Elihu Burritt
Elihu Burritt
The American advocate of world peace Elihu Burritt (1810-1879), called the "Learned Blacksmith," conceived measures that helped internationalize the 19th-century pacifist movement.
Elihu Burritt was born in New Britain, Conn., on Dec. 8, 1810. Though he possessed a good mind, he was forced by his father's death to leave school and apprentice himself to a blacksmith when he was 15 years old. He began so intensive a program of self-education, especially in languages, that his health suffered.

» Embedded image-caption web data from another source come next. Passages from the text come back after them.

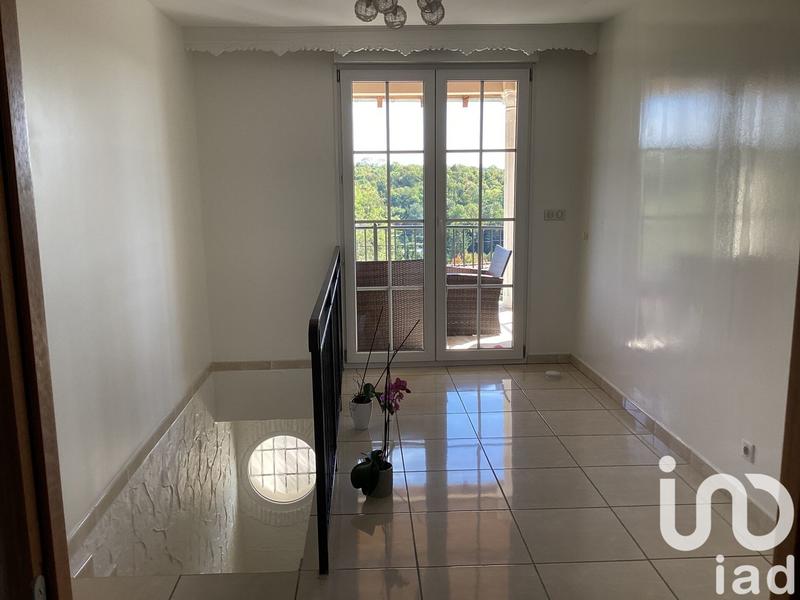 Maison - 182 m² - 10 pièces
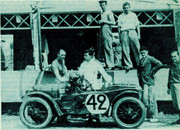 24 HEURES DU MANS YEAR BY YEAR PART ONE 1923-1969 - Page 13 33lm42-MGMidget-J4-JLFord-MBaumer-2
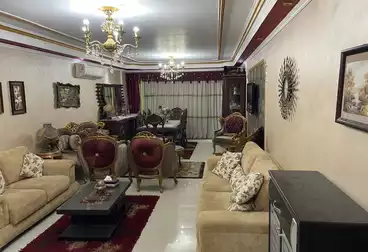 عقارات للبيع - 3 غرف - بالدور 7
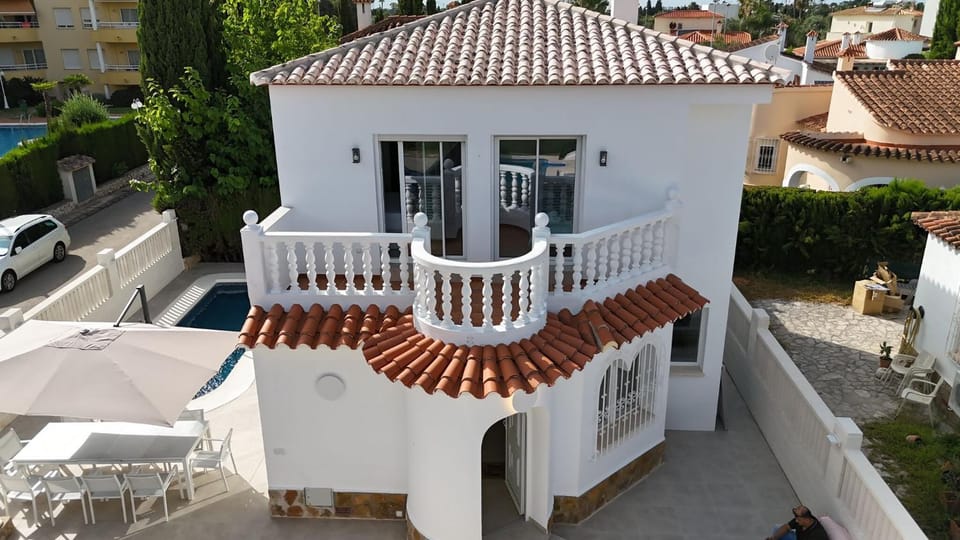 Villa Velissia by Midelisa. Villa in Safor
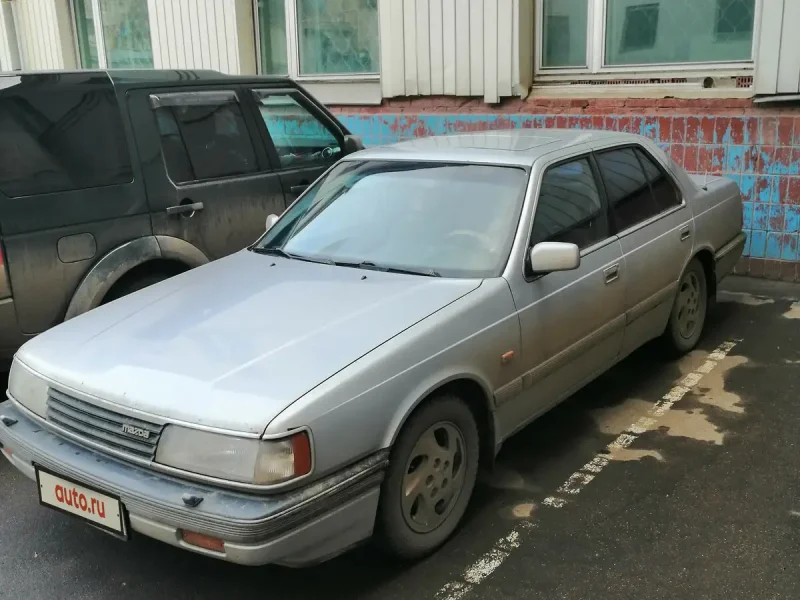 Mazda Luce 1986
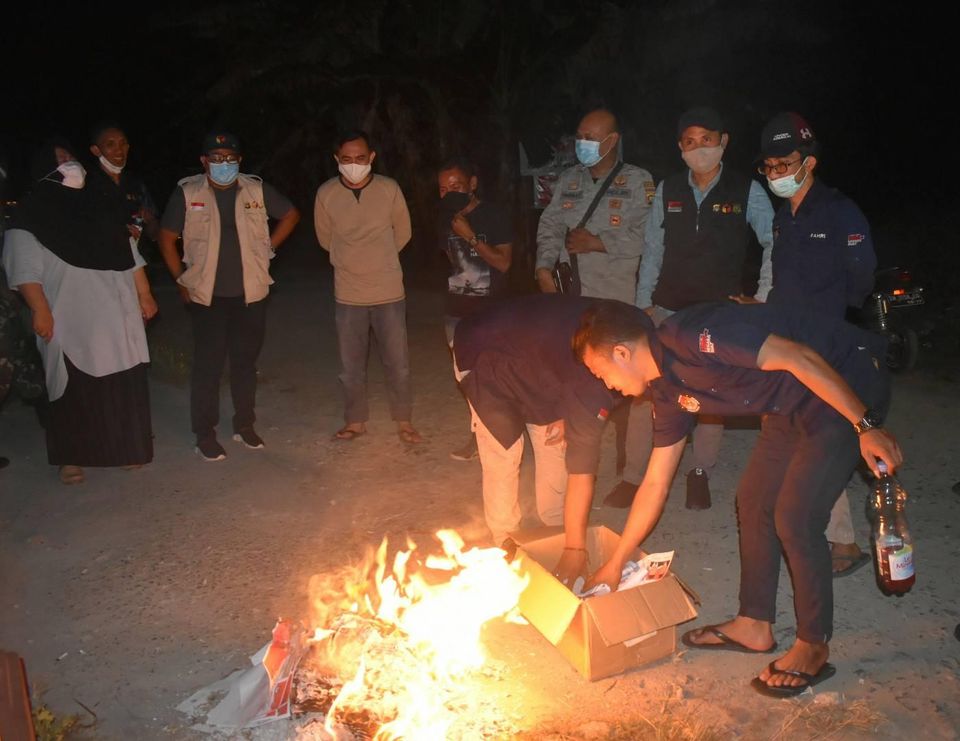 Pilkada Gorontalo – Surat Suara di Bone Bolango dibakar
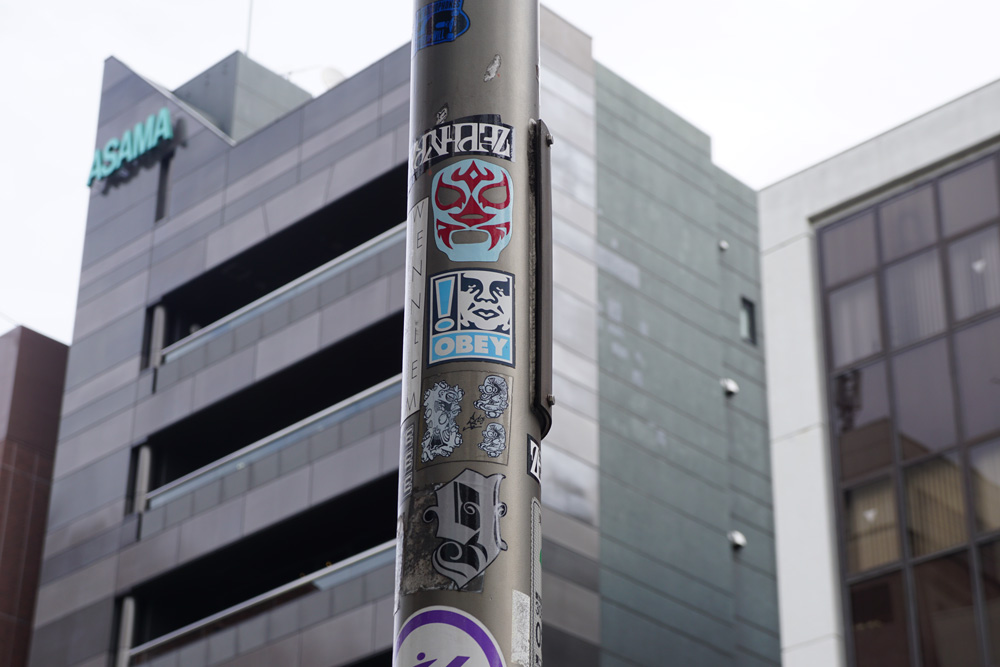 TokyoIllegal25-1xNews-Halopigg-1xRun-Graffiti-Obey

Following some business experiences, Burritt settled in Worcester, Mass., as a blacksmith and there began a serious study of European and Oriental languages. He gained command of numerous tongues, including Hebrew, Chaldaic, and Syriac. Word of the abilities of the Learned Blacksmith reached the Massachusetts governor, himself a scholar, who referred to Burritt as exemplifying democratic values. Burritt, a shy and earnest young man, was offered a chance to study at Harvard but refused on the grounds that his place was with the common people.
He developed into a successor of William Ladd, who saw peace as necessarily a world movement. In 1844 Burritt began one of a number of publications in behalf of peace, the Christian Citizen. The Oregon crisis between the United States and Great Britain inspired him to publish Advocate of Peace and Universal Brotherhood and to exchange "Friendly Addresses" with English pacifists. Invited by them to visit England in 1847, he there organized the League of Universal Brotherhood. His innovations as a propagandist, as expressed in Sparks from the Anvil (1847), aimed at influencing a broad public opinion. In the Oregon crisis, and also in 1852, when war was threatened between Great Britain and France, Burritt made personal visits and inspired civilian correspondence to encourage peace sentiment on both sides. He also sponsored "Olive Branch" advertisement in European newspapers which were widely reprinted.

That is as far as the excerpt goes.